Description of the task — After finding the line with "produzidos, recebidos, mantidos" in the data below, set down exactly each line through the one with "ou futuro, inerente", inclusive, and stop there.

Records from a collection

-- -- --

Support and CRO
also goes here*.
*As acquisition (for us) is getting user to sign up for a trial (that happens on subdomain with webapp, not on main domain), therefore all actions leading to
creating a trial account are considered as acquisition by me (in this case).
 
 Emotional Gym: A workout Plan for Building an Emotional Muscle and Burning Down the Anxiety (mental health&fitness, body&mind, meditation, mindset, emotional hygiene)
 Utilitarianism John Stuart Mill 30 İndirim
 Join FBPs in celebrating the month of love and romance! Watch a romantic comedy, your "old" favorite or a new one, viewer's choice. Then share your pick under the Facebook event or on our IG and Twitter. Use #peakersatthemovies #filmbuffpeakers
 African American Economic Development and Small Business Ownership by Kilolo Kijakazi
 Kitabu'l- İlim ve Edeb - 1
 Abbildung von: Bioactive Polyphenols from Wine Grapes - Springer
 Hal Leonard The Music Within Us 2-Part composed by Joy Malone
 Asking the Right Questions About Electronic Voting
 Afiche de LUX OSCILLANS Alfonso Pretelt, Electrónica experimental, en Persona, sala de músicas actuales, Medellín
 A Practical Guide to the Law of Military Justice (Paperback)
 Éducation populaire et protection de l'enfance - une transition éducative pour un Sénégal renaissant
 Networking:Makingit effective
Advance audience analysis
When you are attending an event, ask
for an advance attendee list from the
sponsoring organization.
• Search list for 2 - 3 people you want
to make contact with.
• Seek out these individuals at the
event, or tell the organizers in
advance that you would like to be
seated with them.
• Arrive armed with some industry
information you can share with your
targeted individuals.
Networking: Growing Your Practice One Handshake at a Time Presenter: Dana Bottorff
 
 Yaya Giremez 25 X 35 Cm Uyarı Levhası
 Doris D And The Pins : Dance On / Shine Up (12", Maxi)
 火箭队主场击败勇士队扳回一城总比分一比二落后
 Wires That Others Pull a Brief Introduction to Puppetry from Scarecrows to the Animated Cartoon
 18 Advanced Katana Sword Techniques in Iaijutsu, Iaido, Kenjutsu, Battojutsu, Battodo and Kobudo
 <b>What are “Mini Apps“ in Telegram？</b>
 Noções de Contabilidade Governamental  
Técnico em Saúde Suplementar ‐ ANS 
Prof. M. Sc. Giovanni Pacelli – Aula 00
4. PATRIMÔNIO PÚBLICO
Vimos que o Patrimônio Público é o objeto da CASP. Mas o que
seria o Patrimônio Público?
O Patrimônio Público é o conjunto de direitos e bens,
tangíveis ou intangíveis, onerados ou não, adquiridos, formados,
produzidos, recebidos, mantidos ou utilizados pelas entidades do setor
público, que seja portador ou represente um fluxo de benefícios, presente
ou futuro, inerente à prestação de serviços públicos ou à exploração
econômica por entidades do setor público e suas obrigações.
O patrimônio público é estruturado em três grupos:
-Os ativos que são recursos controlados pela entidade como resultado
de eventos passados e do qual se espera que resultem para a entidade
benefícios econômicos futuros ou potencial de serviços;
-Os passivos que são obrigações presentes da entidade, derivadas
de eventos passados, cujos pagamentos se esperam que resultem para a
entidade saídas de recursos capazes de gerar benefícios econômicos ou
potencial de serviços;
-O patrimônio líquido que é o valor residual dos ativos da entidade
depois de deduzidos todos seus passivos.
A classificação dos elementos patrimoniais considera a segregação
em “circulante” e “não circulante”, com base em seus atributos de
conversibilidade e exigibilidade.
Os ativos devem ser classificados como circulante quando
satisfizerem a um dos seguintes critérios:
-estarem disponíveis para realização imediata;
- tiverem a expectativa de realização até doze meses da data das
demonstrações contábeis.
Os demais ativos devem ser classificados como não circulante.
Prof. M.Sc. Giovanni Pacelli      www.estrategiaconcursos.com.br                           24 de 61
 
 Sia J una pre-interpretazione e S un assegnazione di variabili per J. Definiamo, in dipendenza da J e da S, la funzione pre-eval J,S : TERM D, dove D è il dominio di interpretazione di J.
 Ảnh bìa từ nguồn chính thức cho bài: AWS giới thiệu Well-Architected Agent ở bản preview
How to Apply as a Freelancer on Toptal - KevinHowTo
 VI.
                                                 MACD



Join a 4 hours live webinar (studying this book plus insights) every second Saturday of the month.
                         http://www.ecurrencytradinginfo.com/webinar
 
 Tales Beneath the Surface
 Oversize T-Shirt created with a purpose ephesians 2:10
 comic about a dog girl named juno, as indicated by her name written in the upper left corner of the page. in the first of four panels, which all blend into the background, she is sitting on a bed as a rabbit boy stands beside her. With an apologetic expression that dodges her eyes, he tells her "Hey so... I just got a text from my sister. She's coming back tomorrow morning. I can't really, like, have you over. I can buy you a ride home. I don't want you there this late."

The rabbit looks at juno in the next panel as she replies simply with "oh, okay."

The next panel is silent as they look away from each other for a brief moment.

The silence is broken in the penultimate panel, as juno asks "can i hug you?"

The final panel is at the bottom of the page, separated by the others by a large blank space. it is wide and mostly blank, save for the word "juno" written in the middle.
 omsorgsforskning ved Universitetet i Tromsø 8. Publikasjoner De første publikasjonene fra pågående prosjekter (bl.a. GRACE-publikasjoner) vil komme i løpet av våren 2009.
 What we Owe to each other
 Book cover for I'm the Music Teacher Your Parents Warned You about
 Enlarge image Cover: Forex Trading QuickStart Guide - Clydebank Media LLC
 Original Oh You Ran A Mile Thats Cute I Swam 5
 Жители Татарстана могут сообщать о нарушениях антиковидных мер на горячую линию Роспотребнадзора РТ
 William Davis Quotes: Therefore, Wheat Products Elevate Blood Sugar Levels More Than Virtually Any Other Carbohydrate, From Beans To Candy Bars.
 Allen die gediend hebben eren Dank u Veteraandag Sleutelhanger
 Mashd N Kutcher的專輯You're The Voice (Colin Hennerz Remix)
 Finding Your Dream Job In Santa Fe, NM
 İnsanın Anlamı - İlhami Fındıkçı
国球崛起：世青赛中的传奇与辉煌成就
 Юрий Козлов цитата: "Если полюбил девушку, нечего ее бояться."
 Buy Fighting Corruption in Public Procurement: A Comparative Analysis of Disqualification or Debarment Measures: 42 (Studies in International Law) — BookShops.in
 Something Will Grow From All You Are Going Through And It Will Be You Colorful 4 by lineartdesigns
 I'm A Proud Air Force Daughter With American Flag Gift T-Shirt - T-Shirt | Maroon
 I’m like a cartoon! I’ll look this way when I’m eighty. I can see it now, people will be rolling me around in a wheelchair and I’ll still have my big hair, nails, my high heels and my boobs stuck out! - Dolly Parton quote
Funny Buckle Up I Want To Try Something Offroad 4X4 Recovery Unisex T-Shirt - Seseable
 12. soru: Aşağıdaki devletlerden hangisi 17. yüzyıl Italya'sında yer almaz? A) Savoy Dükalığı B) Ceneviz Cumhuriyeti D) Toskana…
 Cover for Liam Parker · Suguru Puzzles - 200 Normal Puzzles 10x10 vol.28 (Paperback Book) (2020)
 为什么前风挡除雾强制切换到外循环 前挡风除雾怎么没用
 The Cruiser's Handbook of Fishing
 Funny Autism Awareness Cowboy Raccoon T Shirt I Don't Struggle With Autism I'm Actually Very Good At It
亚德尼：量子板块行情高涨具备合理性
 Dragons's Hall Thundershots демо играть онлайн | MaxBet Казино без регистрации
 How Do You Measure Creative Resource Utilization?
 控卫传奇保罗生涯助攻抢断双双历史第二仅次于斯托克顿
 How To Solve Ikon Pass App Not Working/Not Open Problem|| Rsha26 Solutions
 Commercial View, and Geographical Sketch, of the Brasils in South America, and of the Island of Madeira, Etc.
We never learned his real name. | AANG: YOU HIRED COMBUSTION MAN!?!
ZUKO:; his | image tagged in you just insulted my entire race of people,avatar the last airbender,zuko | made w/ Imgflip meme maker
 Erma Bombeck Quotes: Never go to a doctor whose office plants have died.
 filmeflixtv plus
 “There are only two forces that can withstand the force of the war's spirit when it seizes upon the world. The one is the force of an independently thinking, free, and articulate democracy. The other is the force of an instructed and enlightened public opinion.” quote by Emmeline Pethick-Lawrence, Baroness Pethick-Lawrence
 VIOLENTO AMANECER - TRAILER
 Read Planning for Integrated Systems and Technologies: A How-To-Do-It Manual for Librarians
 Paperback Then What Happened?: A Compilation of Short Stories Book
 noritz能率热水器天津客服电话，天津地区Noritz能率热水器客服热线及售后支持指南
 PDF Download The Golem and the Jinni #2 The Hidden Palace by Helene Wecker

-- -- --

Your response —
produzidos, recebidos, mantidos ou utilizados pelas entidades do setor
público, que seja portador ou represente um fluxo de benefícios, presente
ou futuro, inerente à prestação de serviços públicos ou à exploração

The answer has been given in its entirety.